By Uswa Ahmed, BA World Philosophies
The famed Cambridge historian Mary Beard attempted to rationalise the alleged behaviour of Oxfam aid workers in Haiti after reports surfaced accusing Aid workers of sexual exploitation of women and children. Beard took to Twitter to explain that the alleged behaviour could not be ‘condoned’ but wondered ‘how hard it must be to sustain ‘civilised’ values in a disaster zone’. Her comments were slammed by critics and fellow Cambridge academics alike including Priyamvada Gopal who wrote that ‘Obviously it’s not a great idea to randomly get your d**k out, rape people etc.’ Beard went on to defend her comments, writing: ‘I find it hard to imagine that anyone out there could possibly think that I am wanting to turn a blind eye to the abuse of women and children’ and that ‘while we deplore what has happened and expect better, it is worth thinking of the context in which it took place. After receiving a further onslaught of criticism, Beard proceeded to share pictures of herself crying.

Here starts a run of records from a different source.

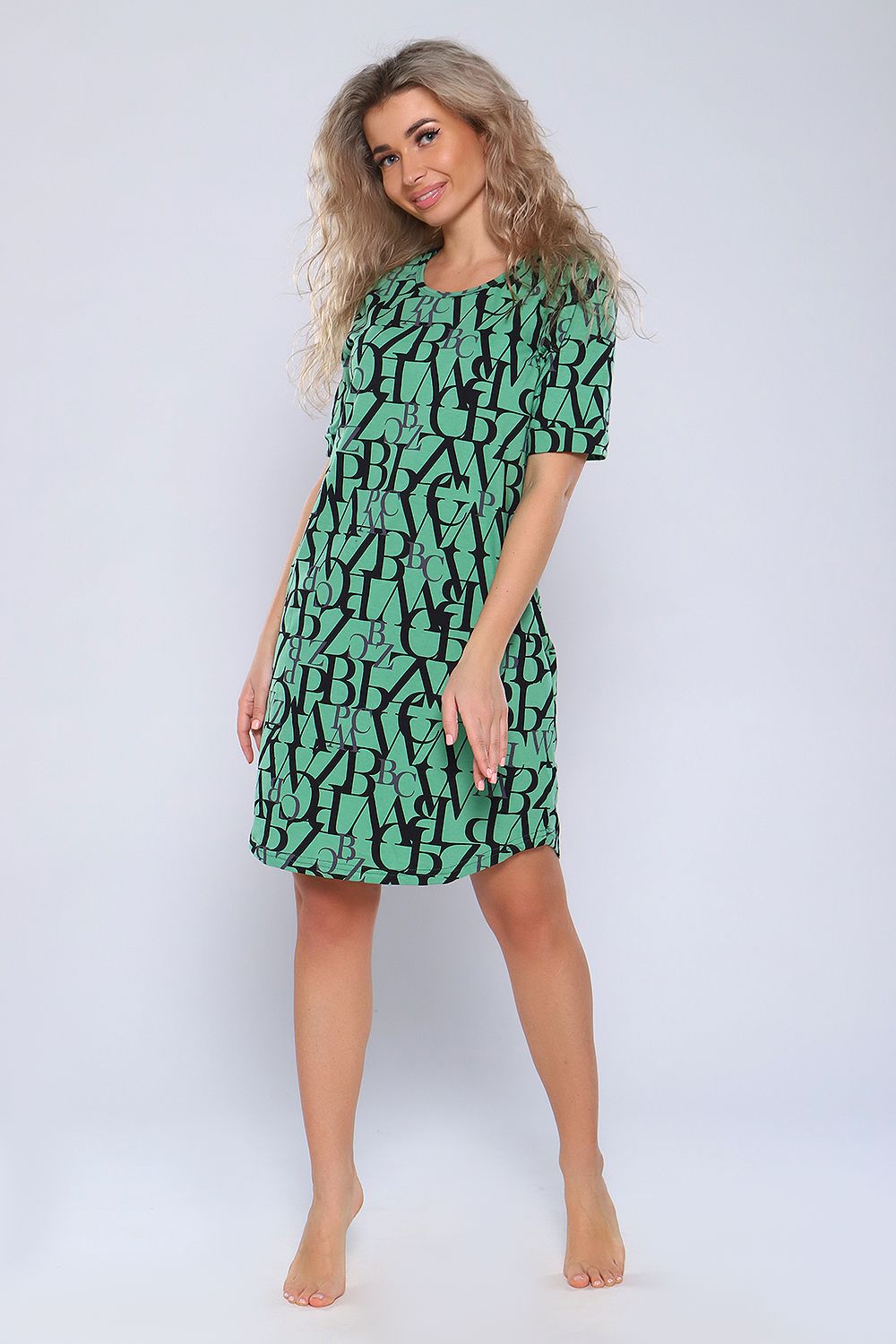 Туника 89326 - зеленый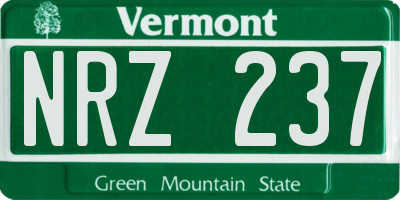 VT license plate NRZ237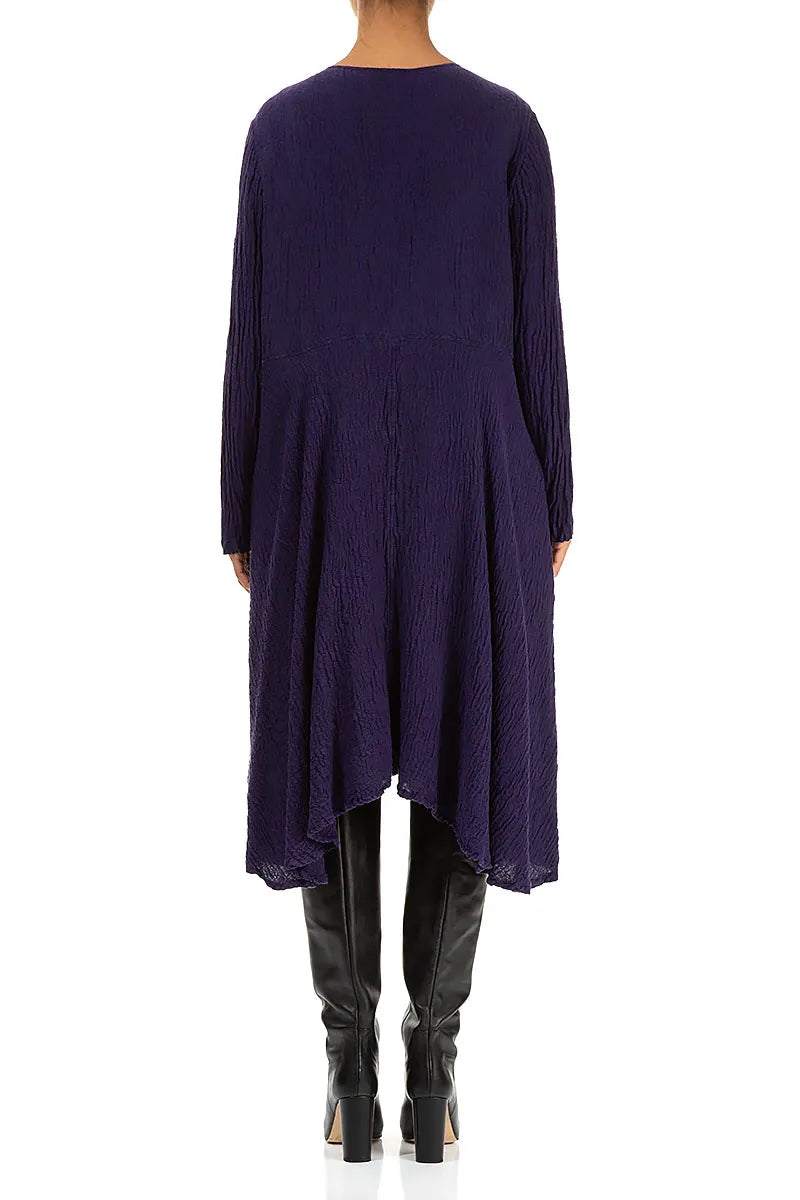Flared Floral Royal Purple Silk Jacket 2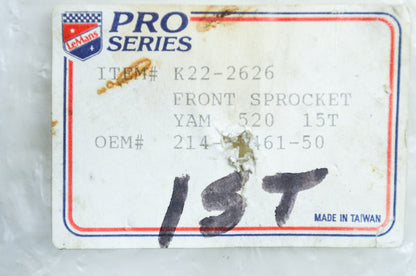 LeMans K22-2626 Pro Series 15T Sprocket Yamaha 520 NOS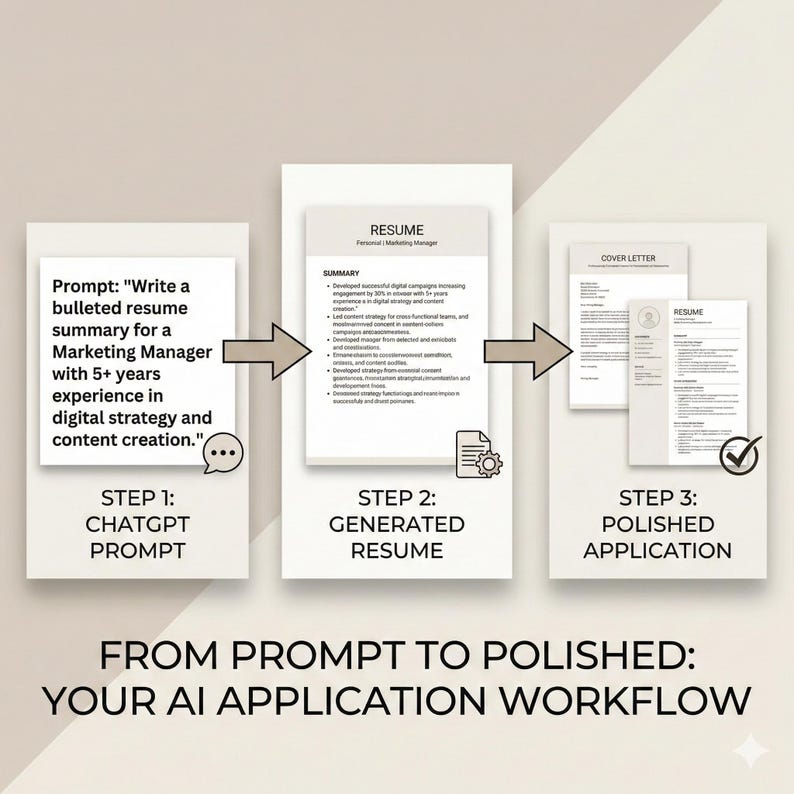 AI Resume and Cover Letter Prompts for Chatgpt | Ats-optimized CV, Job ...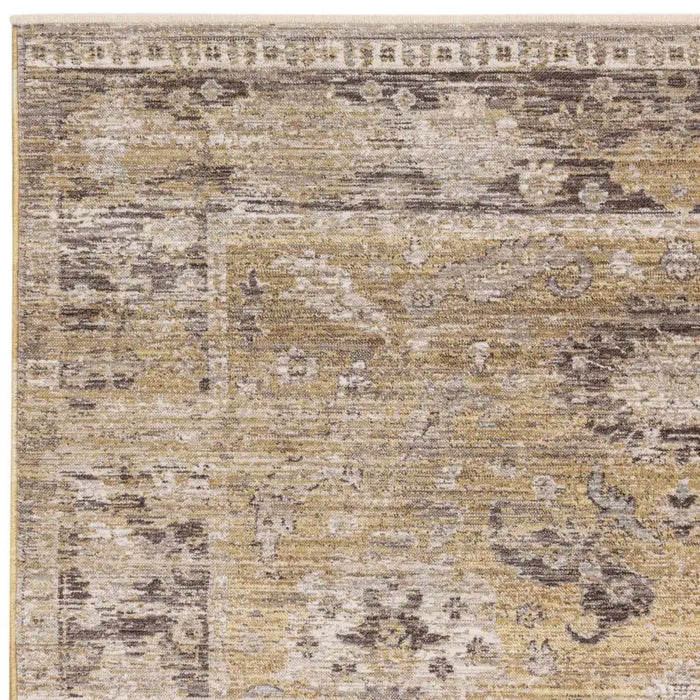 Asiatic jasper ja06 yellow gold Yellow Living Room  Rug.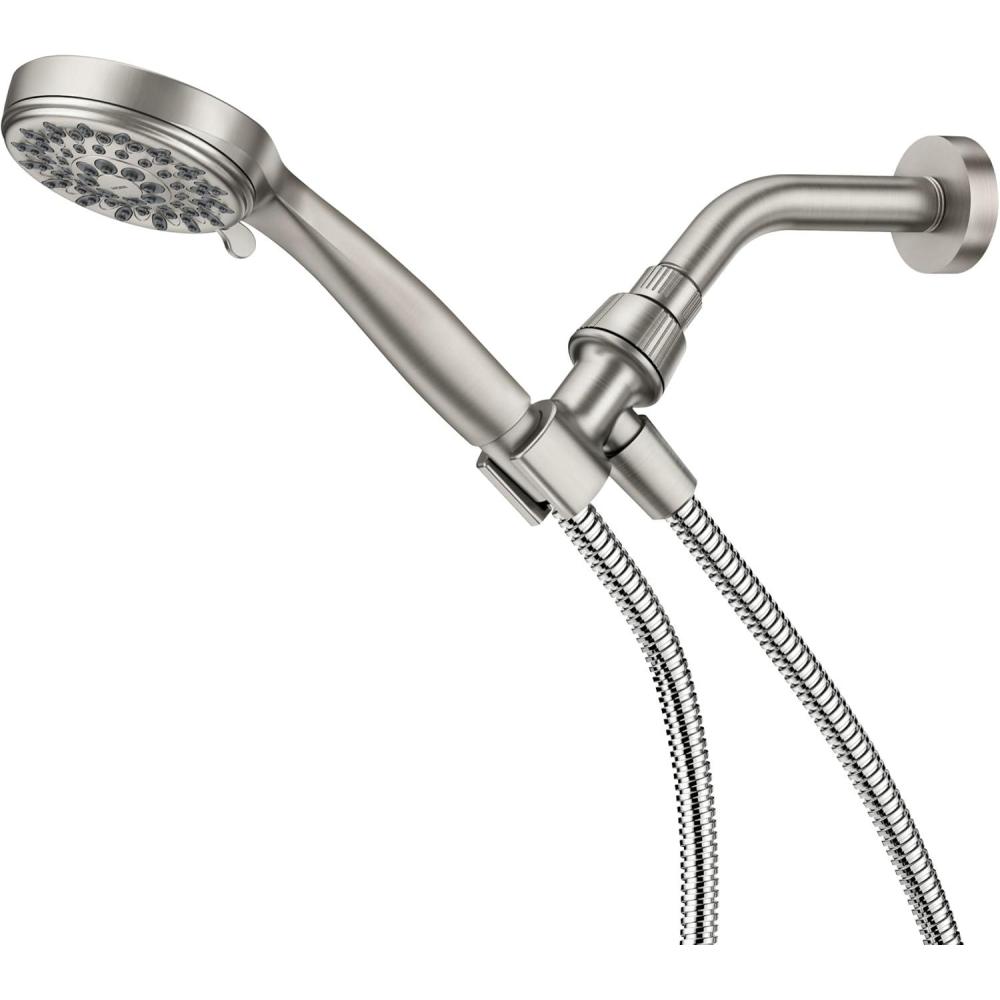 image:imageMoen 20091SRN 5Setting Hand Held Brushed Nickel Spot Resist Shower Head 25 GPMPack of 1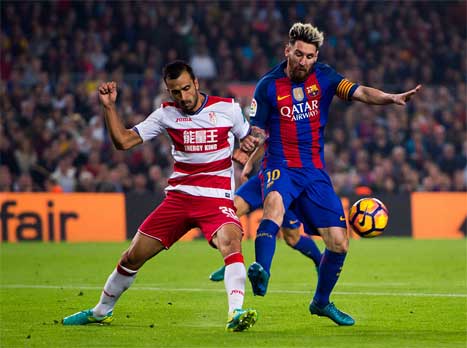 בארסה מתקשה לפני המפגש עם מנצ`סטר סיטי (Getty)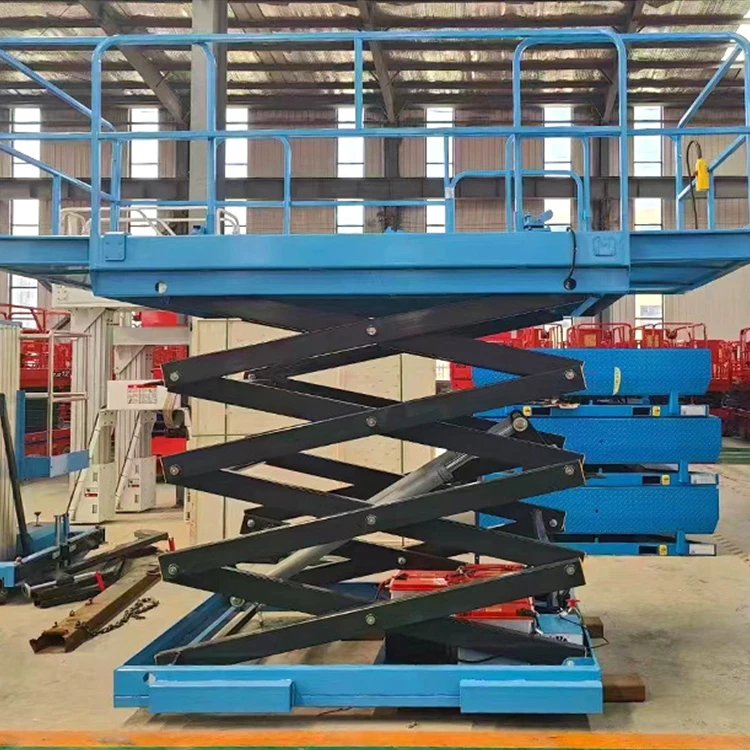 Stationary Small Scissor Hydraulic Table Lift Electric Warehouse Hydraulic Lift Platform
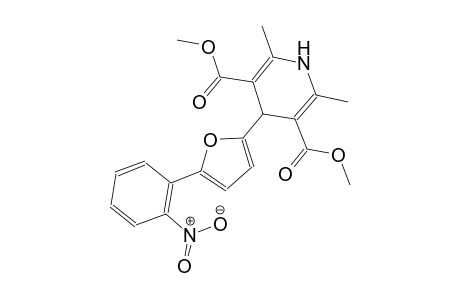 3,5-pyridinedicarboxylic acid, 1,4-dihydro-2,6-dimethyl-4-[5-(2-nitrophenyl)-2-furanyl]-, dimethyl ester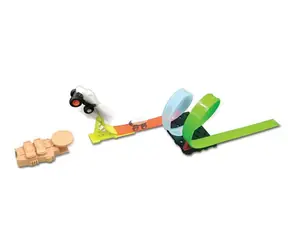Maisto - Cyber Racers set, Micro Monster spin and smash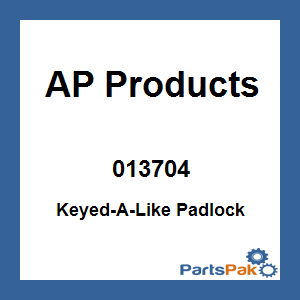 AP Products 013704; Keyed-A-Like Padlock
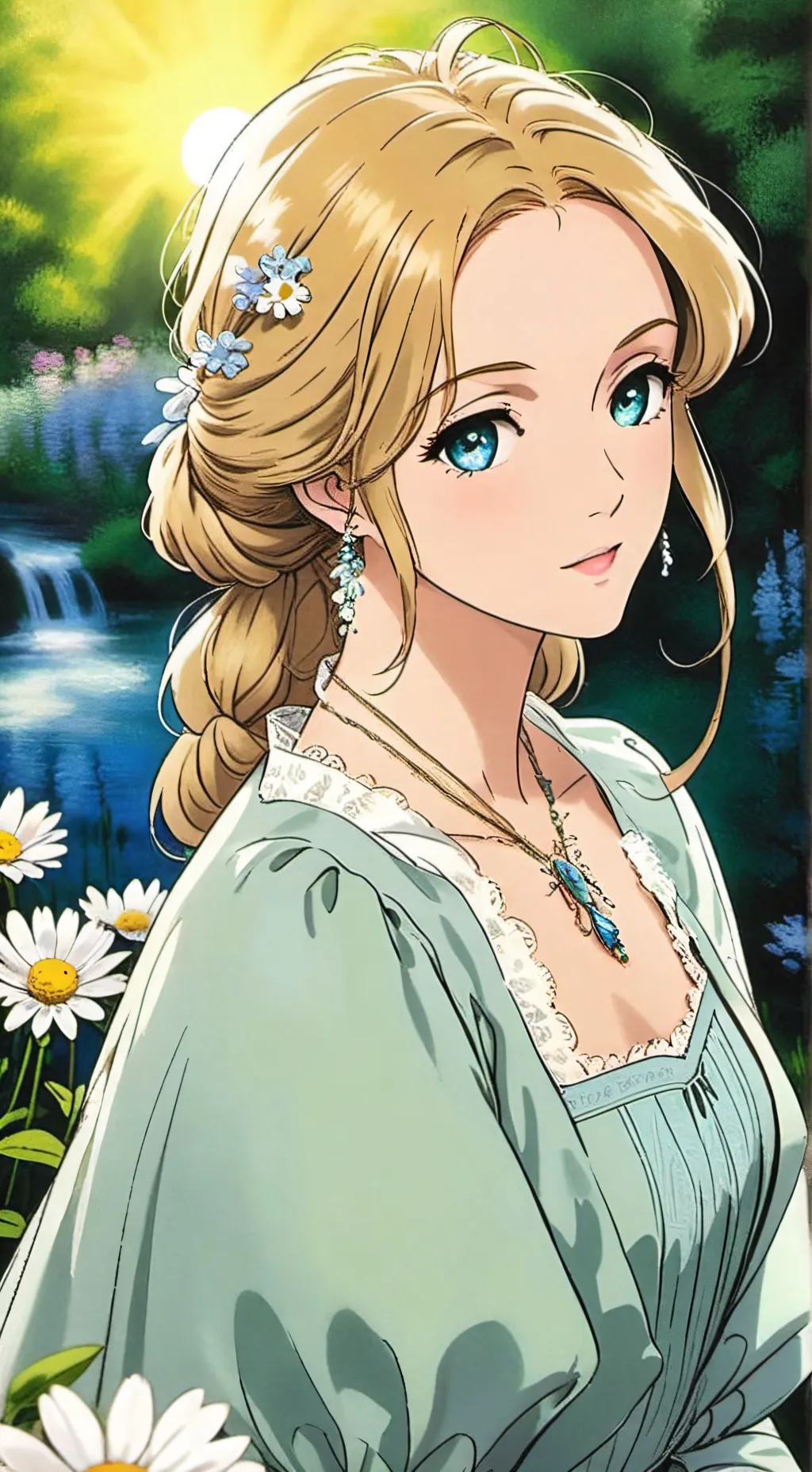 ai character: mha hair strand background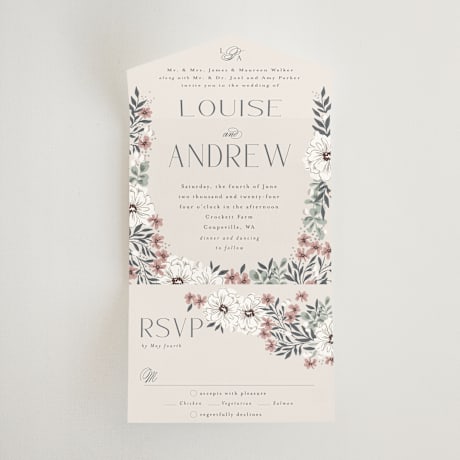 All-in-One Wedding Invitations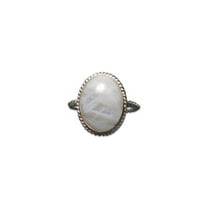 Heaven Crafts 925 Sterling Silver Oval Rainbow Moonstone Ring Handmade Women Ring Unique Gift Item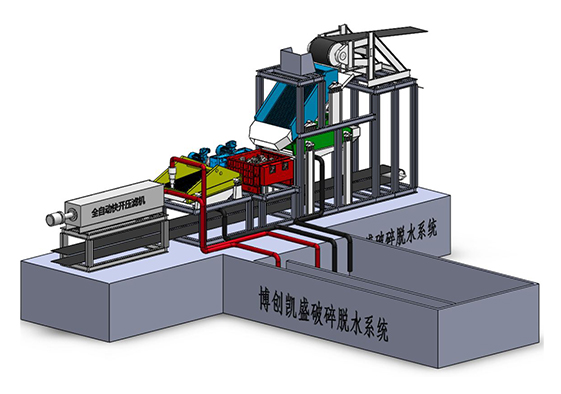 破碎脫水(shuǐ)系統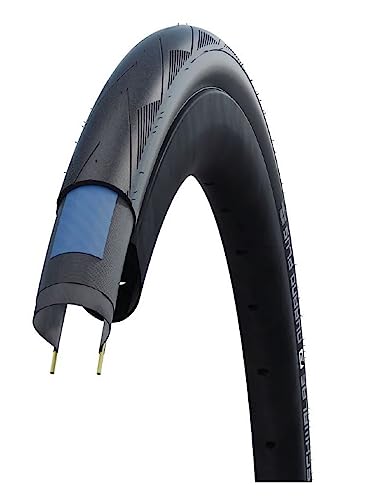 Schwalbe - Durano Road and Touring Folding Clincher Bike Tire | 700 x 25 | Performance Line, RaceGuard | Black/Grey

Feminist writer, Flavia Dzodan was ‘amazed by the extent of sentimentality people will go through, debasing themselves if necessary to sustain their ignorance, bigotry or both.’ Kelechi Okafor also weighed in accusing Beard of ‘failing to see the humanity in Blackness’ and questioning, ‘if it had been a country of white children and women who were sexually violated for the sake of ‘charity’ you wouldn’t be opening your long neck to spew this nonsense’.
Whilst some referred to Beard’s remarks as outright racist, others took the time to critique her choice of vocabulary. Either way, though there is a lot to unpack here, I will begin by firstly declaring how utterly unbelievable it is that Beard, an academic who teaches at one of the most distinguished institution in the world, thought that she would weigh into a sensitive issue laced with complicated implications. Her reference to an ‘alleged’ miscarriage of justice, is nothing short of victim-blaming. These comments arise from the shadows present in the depths of a tainted colonial past where the ‘civilised’ attempt to rationalise the uncomfortable discourse of colonialism. The impact of colonialism is very much alive and the burden of proof is the stains that have permeated every cell of the skeleton of our world be it in in the media or in Beard’s tweet. Nevertheless, the abuse of vulnerable women and children is not a new phenomenon. At the height of the British Empire, European men in the name of civilising the savage, would visit new worlds stealing their resources, enslaving their people, and raping their women and children. Whilst most regard the end of the British Empire as marking the end of European imperialism, like racism, it is weaved into the very fabric of modern societies across the world. It exists beneath the facade of apparent equality and in the shadows an unrepresentative political arena.
These binaries segregate the coloniser and the colonised, and position the white man as bringing the light to the savage. It is how colonialism was, and still is, vindicated and excused. Taken out of context, Beard’s tweet can be considered the contemplative thought process of how colonialism destroys the soul of the European coloniser such as in Joseph Conrad’s Heart of Darkness. Like Conrad’s narrator, Beard considers of how we would react if we were the colonisers. Beard choses to use the word ‘us’ as though we the reader, are on her side and are hence the Enlightened Europeans. It is this ‘them-and- us’ attitude that continues to perpetuate the binaries of colonialism.
As Beard’s fellow Cambridge academic Priyamvada Gopal also replied that if she were to post ‘picture of myself crying … every time I was made miserable by abuse or by the genteel liberal racism that is the very lifeblood of Cambridge social intercourse, I would have a [twitter] feed full of misery’. Though Beard is ‘not a nasty colonist’, she treads on a tradition of white feminism which diminishes, forgets and errantly ignores the experiences of women of colour. It looks at womanhood through a beige, middle-class lens and turns a blind eye to the issues that affect the most unrepresented individuals in society. This has the dangerous effect of pushing white women to the foreground in conversations about gender, sexual violence and workplace harassment leading to the marginalisation of the experiences of women of colour.
But these racial blind spots have the greater effect of harming people of colour in more concrete and systemic ways for the reality is that white, straight, middle-class individuals will never face the consequences of certain political decisions in the same way as their counterparts of colour. But these problems aren’t a contemporary phenomenon. When the suffragettes fought hard against a male dominated society, they literally said that a woman could live with slavery if she had to.
This brings the conversation to the recent March for Women. When I first saw posters around university I felt a certain uneasiness in my stomach. Despite the protests being described as inclusive, I knew deep down what kind of inclusivity it referred to. Whilst there may be no exclusionary or malicious intent, women of colour voicing their frustration with marches or Beard’s tweet are not us trying to sabotage but simply asking that our voices not be drowned out for we do not have the privilege of retreating into exclusive social grottos.